*5 Ocak Cumartesi sokakları ele geçirmek için Kadıköy’deydik. Saat 17.00 sularında Sulhi Ceylan, Kadıköy sokaklarını arşınlarken, bu günahkâr şehri nasıl ele geçireceğinin planlarını yapıyordu.
*17.30 civarında Fedai Başkan, İskele Cami önünde görüldü. Kendisi rejim yapıyormuş bu sebeple en fazla 3 simit yiyebilirmiş. Destekliyoruz. Desteklediğimiz tek rejim Fedai Başkan’ın zayıflama rejimidir!
*17.45’de Yokuş Çayevi’nde soluklanabildik. Saat 18.15’e kadar Üstad Muharrem Cezbe hariç tüm ekip Yokuş’taydık.
*Abdullah Karaca, son derece düşünceli, yüzü hüzne dönüktü. Kendisinin, mana ehli birileriyle görüştüğünden şüpheleniyoruz. Derdim benim dermanımdır diyene ne denir? “Daha beter ol!”
*Serdar Kocabaş, görmeyeli boylanmış poslanmış. Malum Serdar, Edebifikir’in ilk tasarımcısı. Kendisinden Edebifikir’e yeni katkılarını bekliyoruz. Bu aralar kapitalizm ile kavga içerisinde. İyi bir kroşe bekliyoruz kendisinden.
*M. Necip Ârâste ağır adam. Kitap projelerinden, yazdığı makalelerden bahsetti. Yanında Tasavvuf Dergisinin İbn’ül Arabi özel sayısını getirmiş. Dergi de dergi hani! Tam 700 sayfa. M. Necip Ârâste, Abdullah Karaca ve Serdar Kocabaş nümayişlerimize ilk kez katılıyorlar.

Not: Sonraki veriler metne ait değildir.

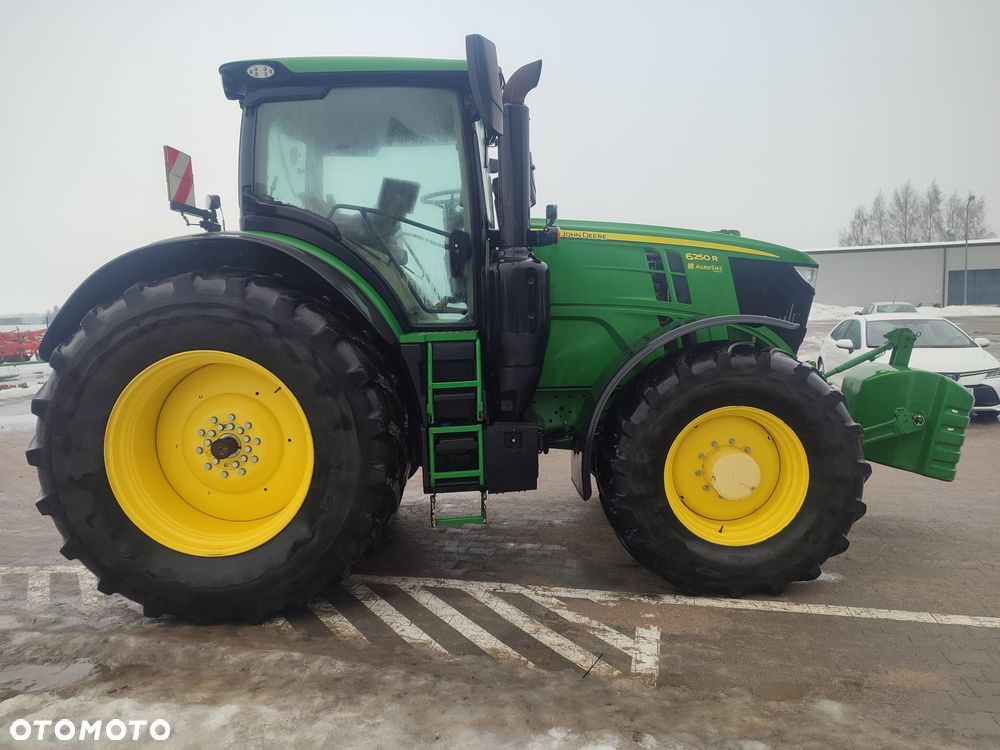 John Deere 6R250 - 2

*Malum bu kadar bekâr bir araya gelince evlilik kurumundan ve kadınlardan bahsetmemek olmaz. Sulhi Ceylan derin bilgilerinden incileri ortaya dökünce Necip Ârâste’nin akademik cevaplarına maruz kaldı. Ama biz her erkeğin, kadınlar karşısında yenik olduğunu biliyoruz. Necip’te bu durum anlayacak bir gün.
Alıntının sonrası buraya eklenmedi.